Nessun altro. Il sindacato solo può concepire e realizzare oggi, in questo Paese, un'esperienza di democrazia di massa come quella del referendum sul protocollo del 23 luglio che inizia stamani e si chiude alle 14 di mercoledì. Dopo migliaia di assemblee, ora i lavoratori dipendenti, i pensionati, i precari e i disoccupati voteranno in trentamila seggi. Cinque milioni è il numero di votanti che le confederazioni sperano di raggiungere, superando i 4,4 milioni che nel 1995 votarono sulla riforma delle pensioni; e sperano anche di superare il 64% di voti favorevoli che fu il risultato di quel referendum.
Votano, e votando decidono su questioni che li riguardano nel presente e nel futuro. Votano, e votando giudicano le scelte dei vertici delle organizzazioni che li rappresentano, i loro comportamenti, le loro strategie, la coerenza rispetto agli impegni, la fedeltà al nucleo primario, fondamentale dell'essere dirigenti sindacali: la difesa degli interessi e diritti di chi lavora e di chi ha lavorato. Nelle condizioni politiche attuali dell'Italia questa consultazione assume anche un significato, un valore che vanno oltre la sua dimensione sindacale. Di fronte ad una società politica in crisi, alla malattia profonda che ne corrode gli organi vitali e che si manifesta ogni giorno nella desolazione di tanti comportamenti, nello smarrimento di quasi tutto il senso dell'agire politico, nel vuoto urlato di certi linguaggi, nella perdita di peso di alcune parole fondanti della nostra vita pubblica, di fronte a questo povero mondo la consultazione sindacale restituisce tutto il suo peso alla parola democrazia e riesce – nei fatti – ad alzarla di nuovo, a illuminarla della luce che le è dovuta. Siamo in presenza di uno di quei casi in cui il sindacato fa politica, la fa nel modo giusto, nel modo che deve essere il suo.
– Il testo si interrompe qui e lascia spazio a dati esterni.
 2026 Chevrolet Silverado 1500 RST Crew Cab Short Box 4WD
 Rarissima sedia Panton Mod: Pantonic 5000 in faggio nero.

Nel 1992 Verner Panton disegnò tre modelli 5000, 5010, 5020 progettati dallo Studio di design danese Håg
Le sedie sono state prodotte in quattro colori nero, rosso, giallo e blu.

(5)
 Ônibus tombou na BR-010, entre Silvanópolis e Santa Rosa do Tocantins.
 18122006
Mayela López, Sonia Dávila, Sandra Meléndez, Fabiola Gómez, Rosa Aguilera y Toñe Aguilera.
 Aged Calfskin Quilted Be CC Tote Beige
Detto tutto questo, alcune osservazioni sono forse necessarie. 1. Se il protocollo di luglio verrà approvato dalla maggioranza dei votanti, ciò significherà che quell'accordo deve essere considerato sostanzialmente valido così com'è, nel testo e nei contenuti sottoposti al giudizio di lavoratori e pensionati. Quelle forze (e debolezze) politiche delle quali ascoltiamo le quotidiane voci di critica e richiesta di cambiamento, dovrebbero prendere atto che i direttamente interessati non la pensano come loro, e dovrebbero quindi tacere. Ma non taceranno. 2. Lo stesso discorso vale per quella parte minoritaria della Cgil che si è opposta all'accordo. Potrebbe utilmente avviare una riflessione sul concetto e sulla realtà effettiva del termine avanguardia, soprattutto quando si trasforma in illusione, in fantasma, in sogno, vagando lontano dal vero stato presente delle cose. 3. E' lecito invitare i sindacati, dopo la grande prova di democrazia e di unità, ad esserne degni? E credo che ci siamo capiti.